[[ Material provided, beginning ]]
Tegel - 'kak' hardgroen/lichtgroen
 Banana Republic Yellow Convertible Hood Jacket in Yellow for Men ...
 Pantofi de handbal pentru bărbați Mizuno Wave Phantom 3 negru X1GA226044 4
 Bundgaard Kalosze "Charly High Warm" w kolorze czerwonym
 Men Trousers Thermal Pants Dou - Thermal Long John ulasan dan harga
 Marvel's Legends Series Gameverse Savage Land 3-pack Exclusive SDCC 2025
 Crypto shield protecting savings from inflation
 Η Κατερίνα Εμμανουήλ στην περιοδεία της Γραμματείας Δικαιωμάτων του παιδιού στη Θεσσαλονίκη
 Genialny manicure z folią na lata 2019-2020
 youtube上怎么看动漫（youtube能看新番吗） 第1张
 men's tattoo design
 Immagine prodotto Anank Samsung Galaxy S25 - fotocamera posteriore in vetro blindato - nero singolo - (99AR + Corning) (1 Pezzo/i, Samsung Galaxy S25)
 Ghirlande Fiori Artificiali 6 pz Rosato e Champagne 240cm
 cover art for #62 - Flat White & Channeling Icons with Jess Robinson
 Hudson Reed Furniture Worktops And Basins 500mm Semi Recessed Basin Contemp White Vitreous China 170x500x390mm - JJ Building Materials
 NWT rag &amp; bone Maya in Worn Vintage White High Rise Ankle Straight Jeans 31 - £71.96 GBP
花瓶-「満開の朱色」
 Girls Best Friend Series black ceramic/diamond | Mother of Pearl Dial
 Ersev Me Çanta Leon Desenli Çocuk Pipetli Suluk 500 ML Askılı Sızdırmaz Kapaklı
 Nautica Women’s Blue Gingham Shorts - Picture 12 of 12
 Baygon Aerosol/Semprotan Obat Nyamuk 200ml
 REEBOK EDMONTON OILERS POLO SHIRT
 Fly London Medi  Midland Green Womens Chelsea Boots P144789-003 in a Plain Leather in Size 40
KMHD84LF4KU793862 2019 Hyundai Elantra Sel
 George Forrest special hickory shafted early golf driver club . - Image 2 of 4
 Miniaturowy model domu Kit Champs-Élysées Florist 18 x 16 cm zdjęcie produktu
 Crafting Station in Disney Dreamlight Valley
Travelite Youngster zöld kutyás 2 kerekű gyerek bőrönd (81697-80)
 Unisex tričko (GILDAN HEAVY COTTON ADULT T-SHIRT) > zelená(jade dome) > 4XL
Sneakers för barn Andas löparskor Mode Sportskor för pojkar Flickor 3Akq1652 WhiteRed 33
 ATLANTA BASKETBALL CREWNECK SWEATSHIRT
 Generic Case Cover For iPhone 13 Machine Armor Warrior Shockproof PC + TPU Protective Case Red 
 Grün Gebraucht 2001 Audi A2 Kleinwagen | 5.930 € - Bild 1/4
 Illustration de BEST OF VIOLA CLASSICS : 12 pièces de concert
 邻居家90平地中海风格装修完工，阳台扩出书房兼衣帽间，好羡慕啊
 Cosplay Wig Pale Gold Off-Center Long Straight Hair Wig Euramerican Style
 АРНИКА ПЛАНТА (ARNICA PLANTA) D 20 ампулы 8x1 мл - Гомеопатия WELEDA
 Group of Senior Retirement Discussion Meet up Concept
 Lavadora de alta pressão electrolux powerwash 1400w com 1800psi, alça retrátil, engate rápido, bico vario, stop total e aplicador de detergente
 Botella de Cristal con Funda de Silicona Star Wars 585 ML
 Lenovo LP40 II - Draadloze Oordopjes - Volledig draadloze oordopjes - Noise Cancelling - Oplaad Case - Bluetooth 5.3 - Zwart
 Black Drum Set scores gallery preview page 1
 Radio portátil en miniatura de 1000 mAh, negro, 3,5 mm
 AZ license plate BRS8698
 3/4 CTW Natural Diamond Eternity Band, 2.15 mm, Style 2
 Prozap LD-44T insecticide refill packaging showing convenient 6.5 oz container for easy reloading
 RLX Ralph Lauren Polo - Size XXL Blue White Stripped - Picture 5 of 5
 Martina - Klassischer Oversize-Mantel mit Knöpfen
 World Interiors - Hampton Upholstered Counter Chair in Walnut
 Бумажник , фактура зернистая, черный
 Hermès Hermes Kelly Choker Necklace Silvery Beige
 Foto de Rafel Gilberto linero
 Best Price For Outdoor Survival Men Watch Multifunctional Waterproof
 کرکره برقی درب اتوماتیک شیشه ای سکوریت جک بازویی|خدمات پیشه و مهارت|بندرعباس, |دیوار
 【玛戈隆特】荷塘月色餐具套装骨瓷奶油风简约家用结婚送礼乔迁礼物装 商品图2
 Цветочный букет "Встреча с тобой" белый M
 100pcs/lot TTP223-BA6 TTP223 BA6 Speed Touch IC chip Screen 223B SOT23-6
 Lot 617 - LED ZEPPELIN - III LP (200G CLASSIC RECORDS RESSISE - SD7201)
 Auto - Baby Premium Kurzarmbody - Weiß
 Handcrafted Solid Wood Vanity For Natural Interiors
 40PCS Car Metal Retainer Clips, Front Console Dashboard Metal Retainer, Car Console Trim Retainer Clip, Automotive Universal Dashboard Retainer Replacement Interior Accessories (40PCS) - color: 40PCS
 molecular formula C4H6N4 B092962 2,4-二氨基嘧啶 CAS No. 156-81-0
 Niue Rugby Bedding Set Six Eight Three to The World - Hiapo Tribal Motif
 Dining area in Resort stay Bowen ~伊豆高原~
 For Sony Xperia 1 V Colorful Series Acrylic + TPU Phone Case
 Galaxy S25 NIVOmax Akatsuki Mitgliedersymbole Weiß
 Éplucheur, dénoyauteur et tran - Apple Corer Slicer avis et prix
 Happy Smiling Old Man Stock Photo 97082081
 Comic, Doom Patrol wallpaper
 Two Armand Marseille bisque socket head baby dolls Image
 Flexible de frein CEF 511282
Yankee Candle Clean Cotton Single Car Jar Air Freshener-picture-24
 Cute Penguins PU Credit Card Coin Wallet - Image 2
[[ Material provided, end ]]
Exercise requirements: Filter the records above for lines with "Image".

Answer box:
 George Forrest special hickory shafted early golf driver club . - Image 2 of 4
 Two Armand Marseille bisque socket head baby dolls Image
 Cute Penguins PU Credit Card Coin Wallet - Image 2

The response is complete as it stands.